Long-Term Applications
These scenarios need additional research, scaling, or system integration (e.g., discrete decoder distillation, task-specific fine-tuning, multimodal fusion, safety).
- Distilled few-step end-to-end hybrids rivaling SOTA few-step methods
- Sectors: software, mobile/on-device assistants
- What: Combine DiLaDiff’s latent distillation with discrete decoder distillation (e.g., SDTT/DCD-style) to achieve low-step inference end-to-end for real-time applications and edge devices.
- Tools/products:
- “Few-step hybrid text generator” delivering near-teacher quality with <10 total steps.
- Assumptions/dependencies:
- Paper notes discrete decoder is not yet distilled; closing this gap is future work.
- Latent-controlled, constraint-following generation (semantic controls)
- Sectors: media, legal/compliance, enterprise content authoring
- What: Shape latent trajectories to meet high-level constraints (style, tone, reading level), enabling controllable generation beyond token-level logits hacks.
- Tools/products:
- “Latent controller” library for adding constraint vectors or learned control modules (akin to ControlNet but for text latents).
- Assumptions/dependencies:
- Requires research on disentanglement and robust control in the latent space; risk of content drift without guarantees.

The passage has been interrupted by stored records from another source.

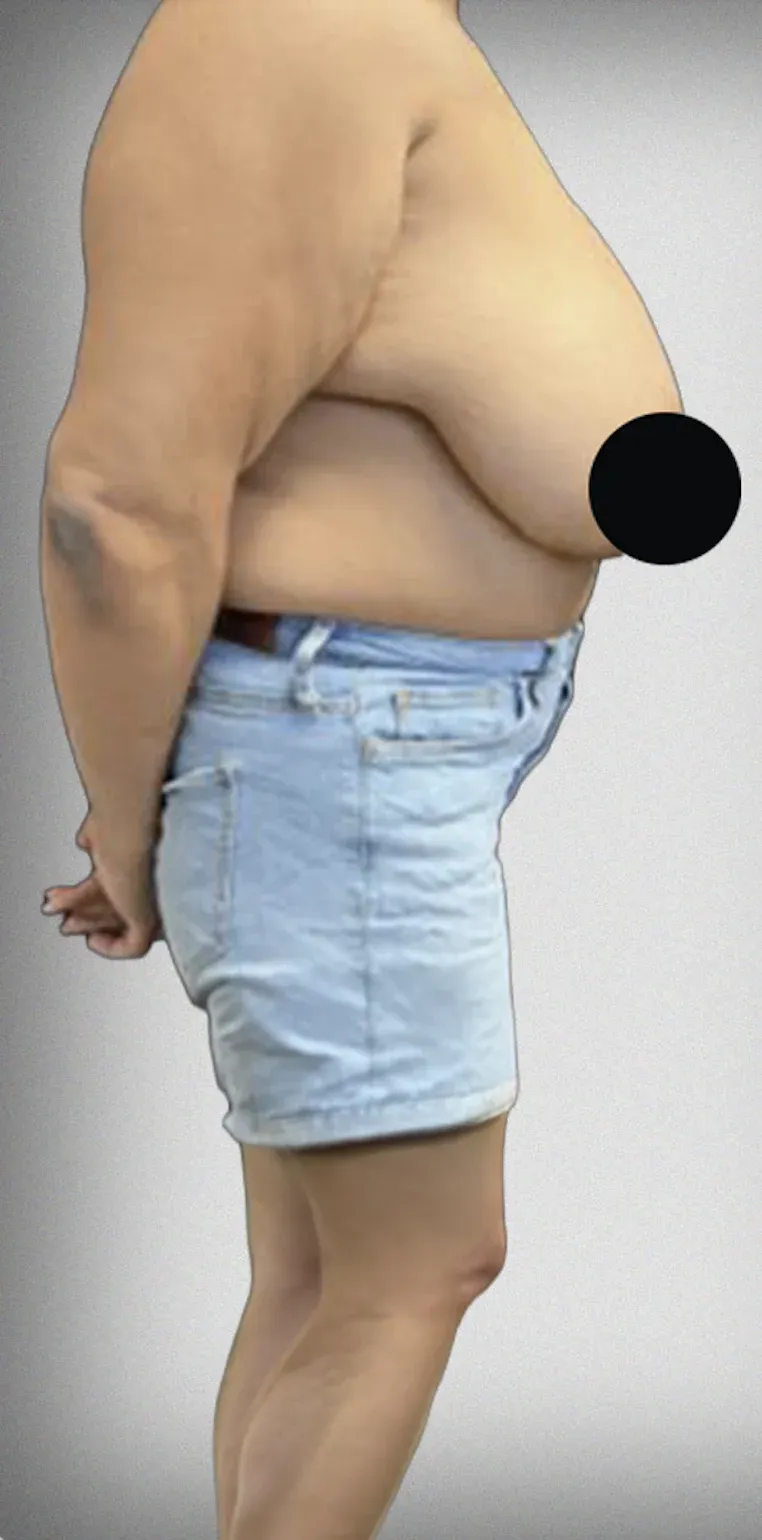 Breast Reduction11
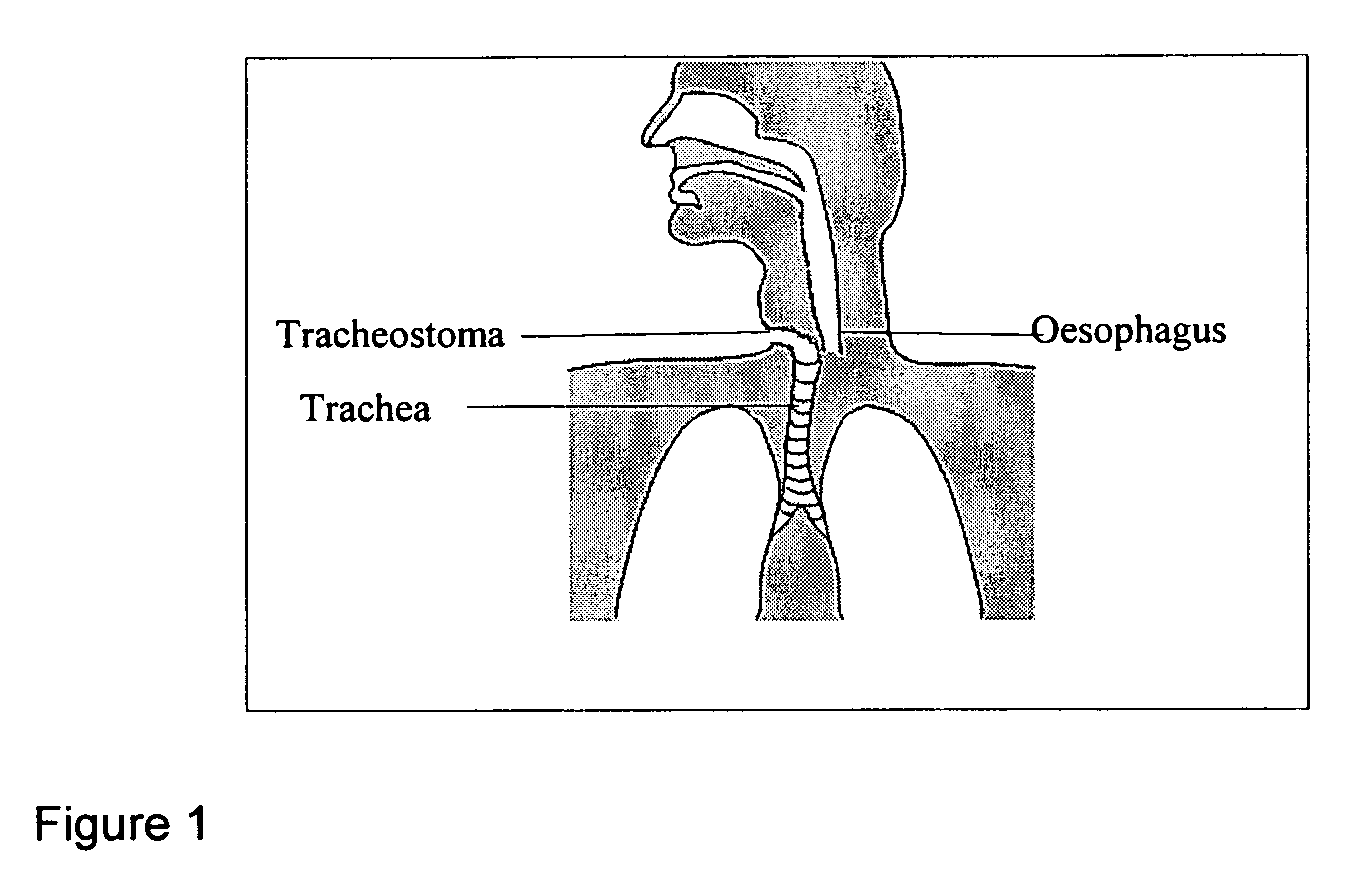 Artificial larynx
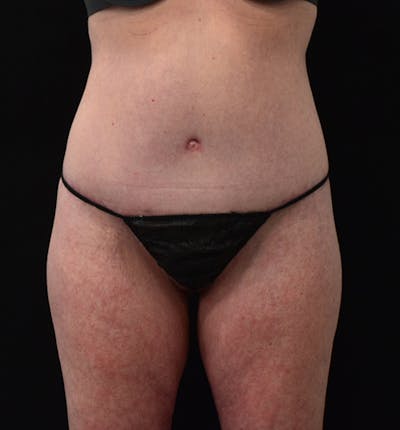 Lower Body Lift Before & After Gallery - Patient 102567418 - Image 2
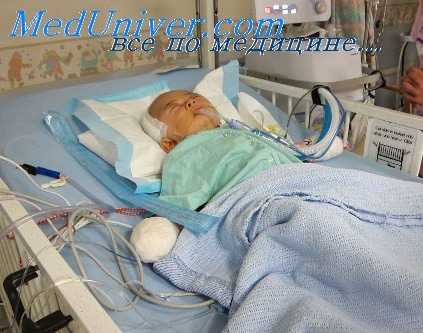 сердечно-легочный препарат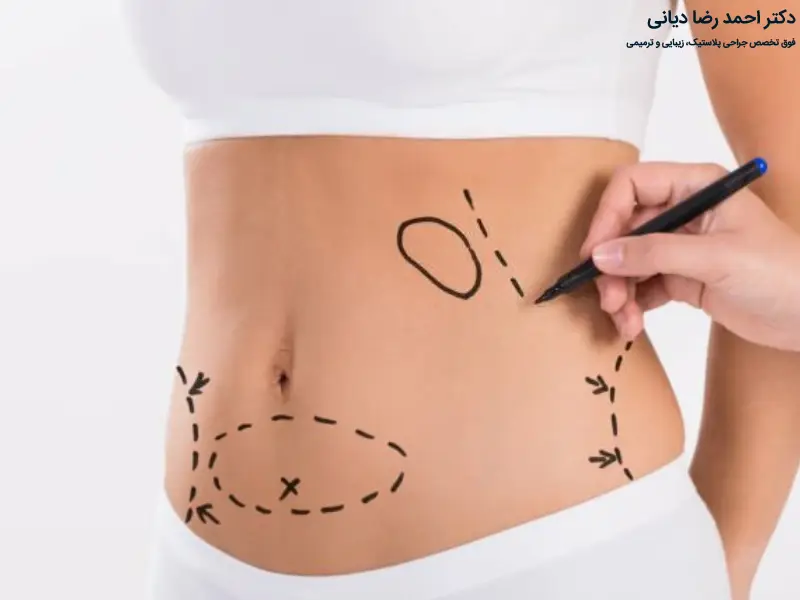 تفاوت لیپوماتیک با لیپوساکشن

- Structured sequence generation where token dependency matters (code, contracts)
- Sectors: software engineering, legal tech
- What: Use latent-guided parallel decoding to better maintain long-range dependencies in code or legal clauses while accelerating generation.
- Tools/products:
- “Hybrid code assistant” that trains an auto-encoder/latent prior on code corpora; integrates with IDEs for fast skeleton generation and infill.
- Assumptions/dependencies:
- Needs code/data-specific training; strong syntax/semantic constraints may still favor AR models or require additional validators.
- Privacy-first, on-premise document drafting with semantic compression
- Sectors: healthcare (clinical note drafting), finance (reporting), government
- What: Run DiLaDiff pipelines on private clusters; cache latents for frequent templates; perturb latents for variants while keeping PHI inside perimeter.
- Tools/products:
- “Private latent cache” and “template expander” appliances deployed on secure infrastructure.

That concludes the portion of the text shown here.